» The problem:
The output should be the listing below, limited to the lines from the one with "MuchoWow® Poster Schwein" through the one with "Спил деревьев, обрезка", exact and without pictures.

» Exercise material:
[Start of section]

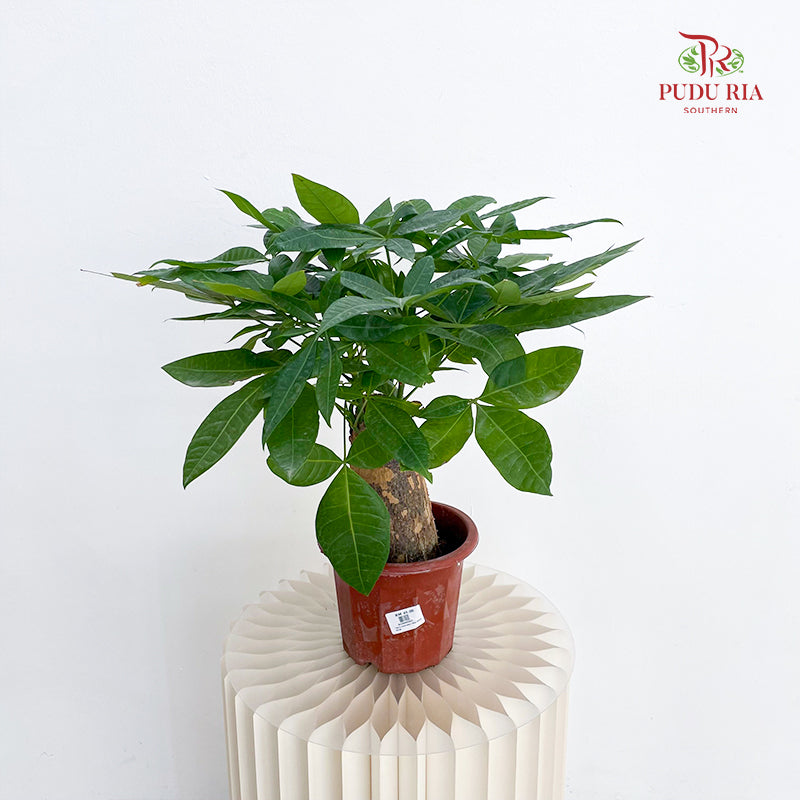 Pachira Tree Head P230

[End of section]
[Start of section]

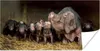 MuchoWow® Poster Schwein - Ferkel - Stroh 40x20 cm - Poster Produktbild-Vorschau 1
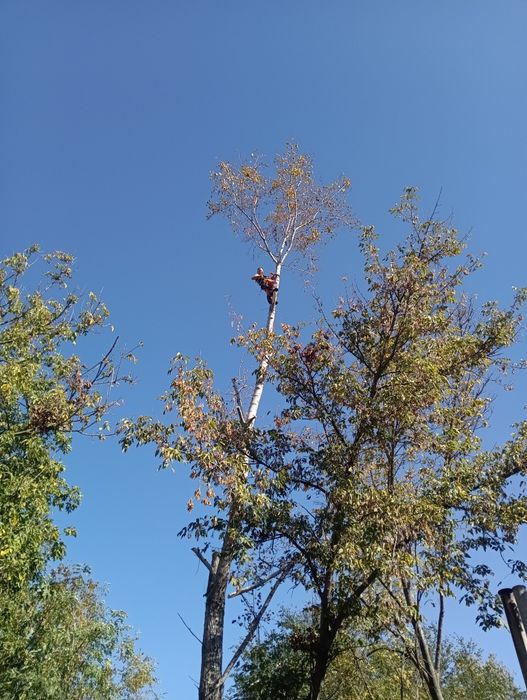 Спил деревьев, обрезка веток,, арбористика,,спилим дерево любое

[End of section]
[Start of section]

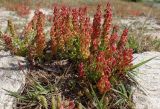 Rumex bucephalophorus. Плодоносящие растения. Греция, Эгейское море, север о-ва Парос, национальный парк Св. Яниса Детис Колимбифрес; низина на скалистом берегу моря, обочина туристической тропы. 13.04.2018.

[End of section]

» Written solution:
 MuchoWow® Poster Schwein - Ferkel - Stroh 40x20 cm - Poster Produktbild-Vorschau 1
 Спил деревьев, обрезка веток,, арбористика,,спилим дерево любое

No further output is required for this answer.